Dataset extract: Begin

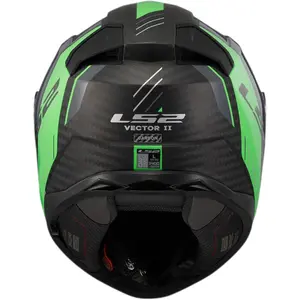 Imagem 8 de Capacete LS2 Vector 2 FF811 Carbon Grid - Verde Fluor Fosco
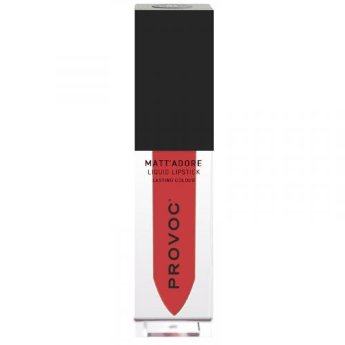 Provoc Mattadore Liquid Lipstick 18 Energy Феноменально стойкая жидкая матовая помада (темно-коралловый)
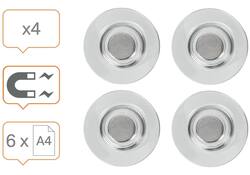 Glasbordmagneet Nobo extra sterk 32mm transparant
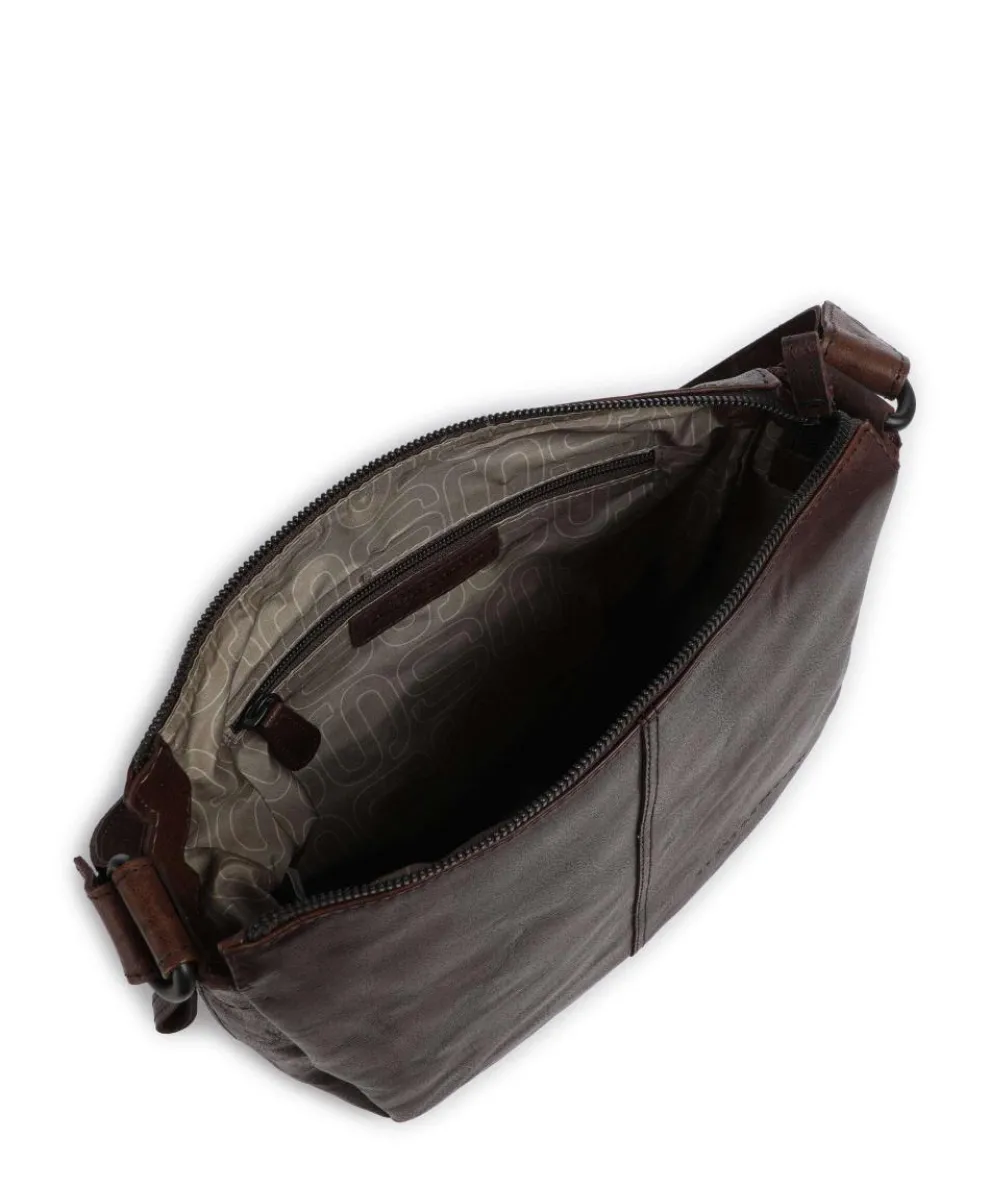 Bronco Carmen Shoulder bag fine grain leather dark brown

Dataset extract: End

**What you should do:** Each line of the data must be transcribed exactly; pictures are not carried over.

**Answer to the exercise:**
 Imagem 8 de Capacete LS2 Vector 2 FF811 Carbon Grid - Verde Fluor Fosco
 Provoc Mattadore Liquid Lipstick 18 Energy Феноменально стойкая жидкая матовая помада (темно-коралловый)
 Glasbordmagneet Nobo extra sterk 32mm transparant
 Bronco Carmen Shoulder bag fine grain leather dark brown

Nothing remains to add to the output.